This article is about the latter case in point 6. My goal is to provide insight into how bad Alarms, or false positives, from predictive models can drive up service costs, even in the case where a model is providing a lot of good/accurate Alarms. This will hopefully, help shorten the time between points 4 and 7 above. In an ideal situation, these types of issues will be identified in step 4 before a model is even put into production, so the service people never see a growing divergence between the theoretical and actual cost savings provided by a model.
The term Alarm is used in this article and defining it will help clear up any questions about what it means. An Alarm means a prediction from a predictive model indicating some event or failure is going to occur. Predictive Models can also predict something is not going to occur, but this is not be considered an Alarm in this article. Every prediction is not an alarm. Only the predictions of some undesirable event happening are considered an Alarm.
What is Label Noise?
Imagine you have a machine with a water hose, and one of the ways this hose fails is by cracking and leaking. As a Data Scientist, you are asked to predict this issue before it occurs. To do this, you go into the machine service data to find historical examples where this issue has occurred so you can see what the machine data looked like right before the hose cracked. You can then compare this to machine data where this crack did not occur.

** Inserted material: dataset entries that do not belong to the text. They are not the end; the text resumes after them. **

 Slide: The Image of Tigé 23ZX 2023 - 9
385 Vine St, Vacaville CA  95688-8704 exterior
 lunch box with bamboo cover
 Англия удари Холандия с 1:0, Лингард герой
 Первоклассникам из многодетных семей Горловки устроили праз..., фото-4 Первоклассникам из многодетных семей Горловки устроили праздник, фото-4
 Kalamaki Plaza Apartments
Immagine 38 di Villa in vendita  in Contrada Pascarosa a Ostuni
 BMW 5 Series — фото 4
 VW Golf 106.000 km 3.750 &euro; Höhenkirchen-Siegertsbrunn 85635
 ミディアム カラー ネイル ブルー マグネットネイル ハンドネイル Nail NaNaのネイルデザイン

The service data is the historical record of issues customers have had with their machines, and what work was done to fix these issues. For this particular issue, when a service technician goes onsite to fix it, they enter the cause of the issue in the service ticket, and what they should be entering is some variation of “cracked hose.” However, during at least one instance where this issue occurred, the technician entered “fluid leak” instead, making it challenging to clearly identify if it was the hose or something else that was leaking.
When you train a model on this data, what you are doing is providing the model with examples of when the pipe cracked and when it did not, and tasking the computer to learn the difference between the machine conditions when cracks occur and when they do not. The more examples you have, the better the model is able to determine the difference.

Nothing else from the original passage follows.